Monday, June 23, 2008

i'm at jupiter house and i sat next to someone ((wtf)) and i picked the right person because he has a copy of half asleep in frog pajamas by tom robbins sitting next to him.

mengtar + tom robbins 4 ever ((written inside a heart on the bathroom wall of your elementary school))

onto bigger things... i have a car.



the final call was made on a 2007 ford focus. 33k miles. beige. warranty. financed.

i'm just glad it's over.

bwahahahaha, i miss my friends. but at least they're dealing with bigger idiots than me...



i got the call from the insurance company this morning wanting to settle for my car... for $2700. uhh... holy insult central!
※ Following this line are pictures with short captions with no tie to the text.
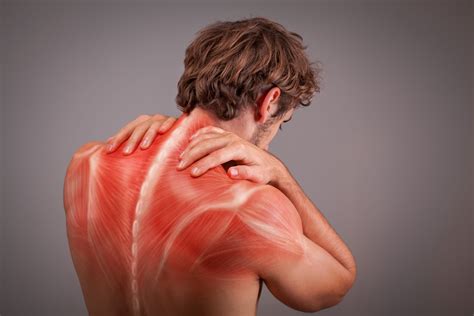 muscle pain  symptoms treatment safar medical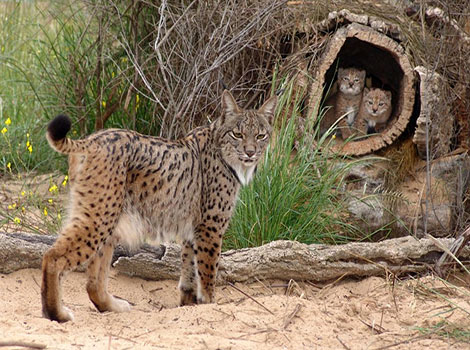 spanish lynx forest habitat and solitary hunting behavior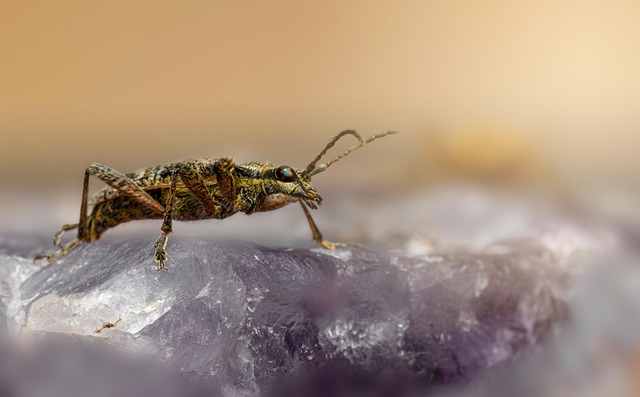 Customized Long-Term Plans for Grain Weevil Prevention and Control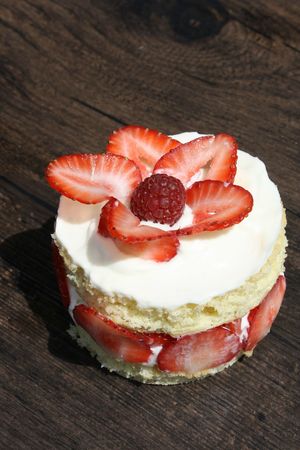 mini-fraisier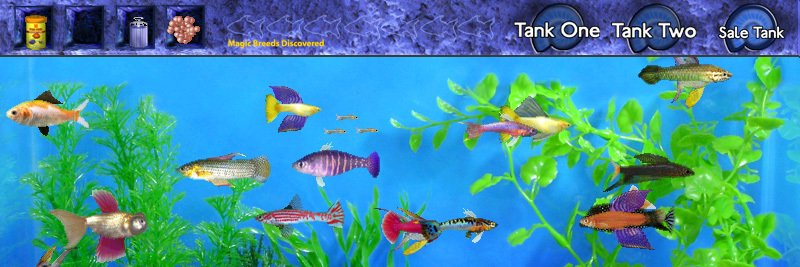 Seaweed... banner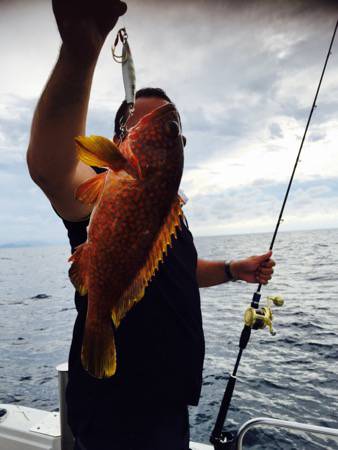 シーモンキー 釣果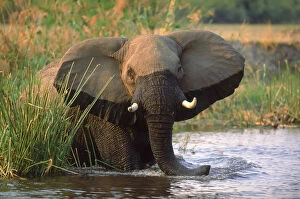 Proboscids Gallery: African elephant feeding on papyrus in river, Okavango Delta, Botswana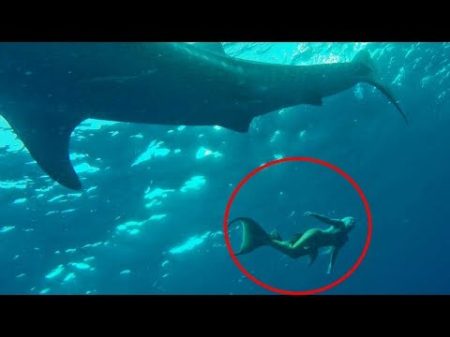 5 РУСАЛОК СНЯТЫХ НА ВИДЕО ЧАСТЬ 2 Русалки Снятые На Камеру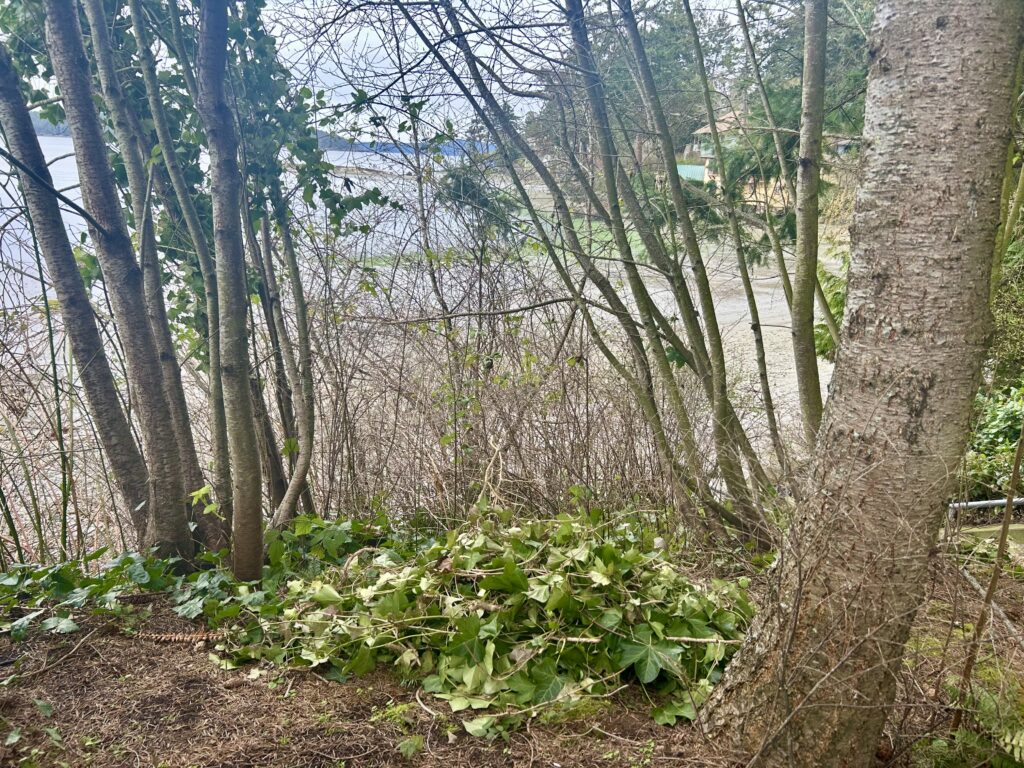 Ivy Third Street beach access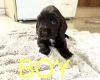 Cocker Spaniel (Working)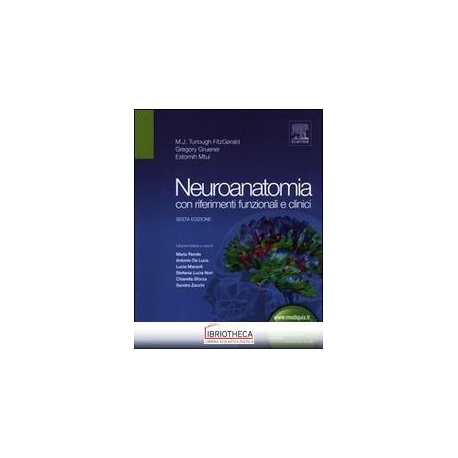 NEUROANATOMIA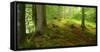 Nearly Natural Spruce Forest, Ammergau Alps, Saulgrub, Bavaria, Germany-Andreas Vitting-Framed Stretched Canvas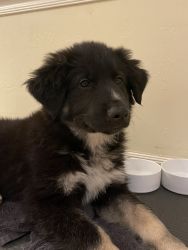 Puppies need new homes asap!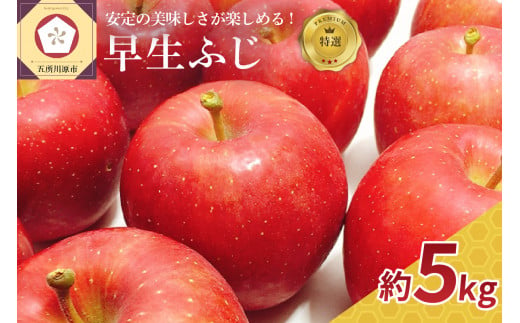 【2024年10月 発送開始】早生 ふじ 特選 約 5kg　りんご　青森 産　 1064715 - 青森県五所川原市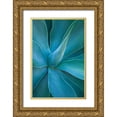thumbnail image 1 of Gulin, Sylvia 17x24 Gold Ornate Wood Framed with Double Matting Museum Art Print Titled - Hawaii-Maui-Kula-agave plant design, 1 of 4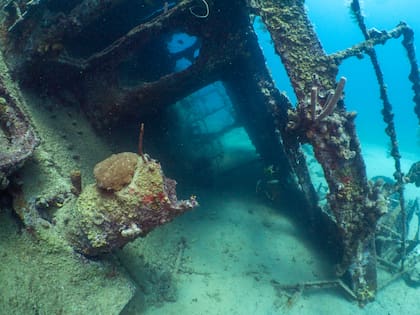 Uno de los primeros barcos de la Segunda Guerra hundidos que exploró Alejandro Dutto fue el Antilla, ubicado en la costa de Aruba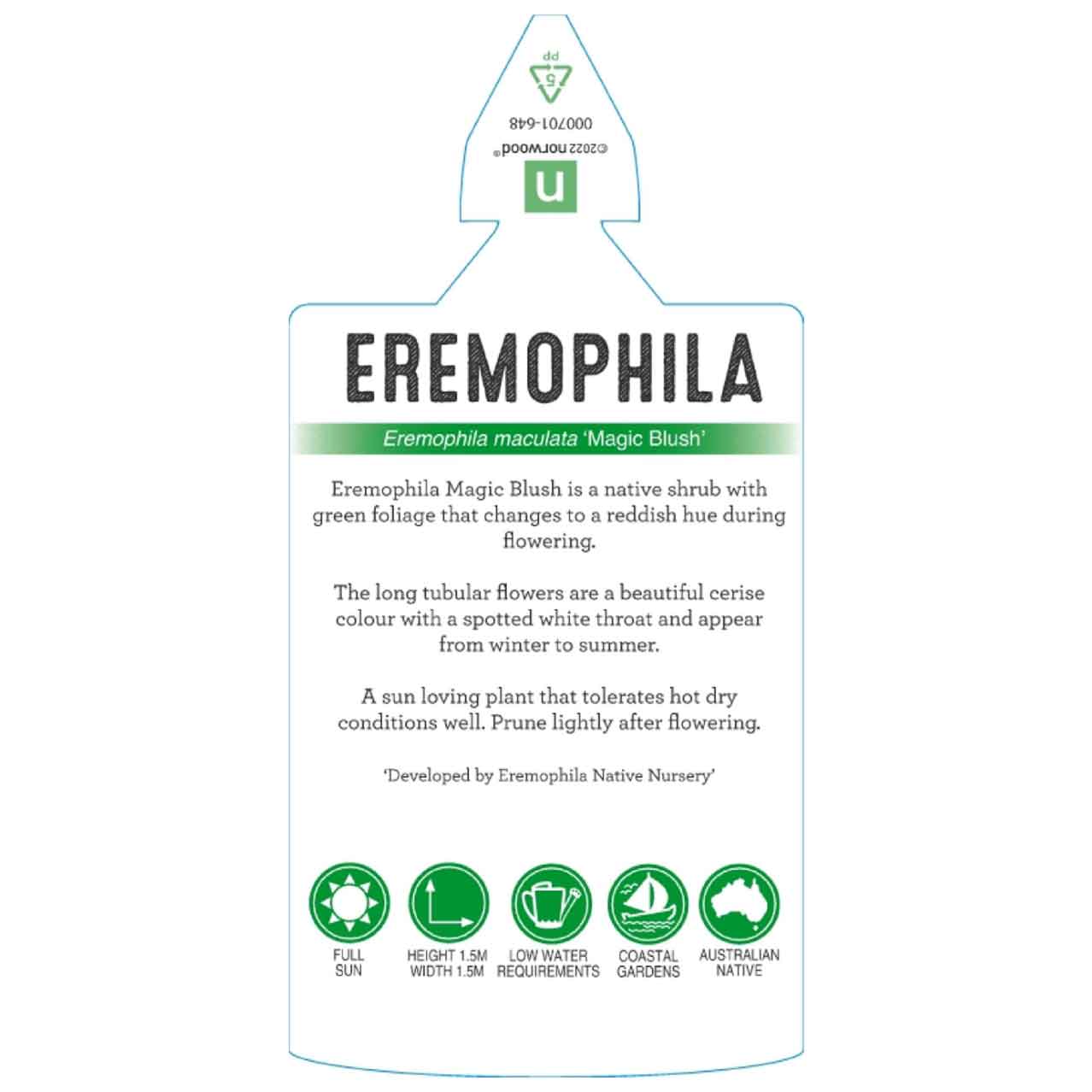 Eremophila 'Magic Blush'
dadx and i crunched some numbers and said we wanted $4225.

they countered with $4040. they didn't stand a chance.

tomorrow morning i will hear from them again about how much i will receive for my personal belongings taken from the vehicle. i'm hoping for another 500 at LEAST.



also, i found a possum... if only i had my own camera to photograph it... whatevs. whenever i get one there will be a million pictures of naked mengtars in and around her car... one. million.

Tuesday, December 18, 2007

so nights like this when i'm in the mood for nothing ((not even whiskey or cigarettes)) are when i start thinking... what if i just went home... am i conditioned for a 15-hour drive? would i miss this place? what about toronto?

i can't stay here forever. and i have the feeling that when my time comes, it will just be over. little packing. no peaces or dueces.

i even doubt i'd be better off elsewhere. maybe because i have moved to a different state for the past four years. maybe denton just feels too familiar. this stagnance is making me ill.

don't get me wrong, it's not that i don't enjoy my time here. i have the best friends that do great things for me and that i would do about anything for. they buy me drinks and mattresses and kick out exes and give me hugs and listen when i need it. but sometimes i feel the reason i haven't left is because it would be too hard to say goodbye.

maybe i just need a vacation home. maybe because homeboy is running off to visit friends in cities that i'm missing people the most. ((chicago and baton rouge))

i hope staying here another year isn't a mistake.

maybe i just need to get out of this airport and into this wheelchair, i've got better things to do than looking at you...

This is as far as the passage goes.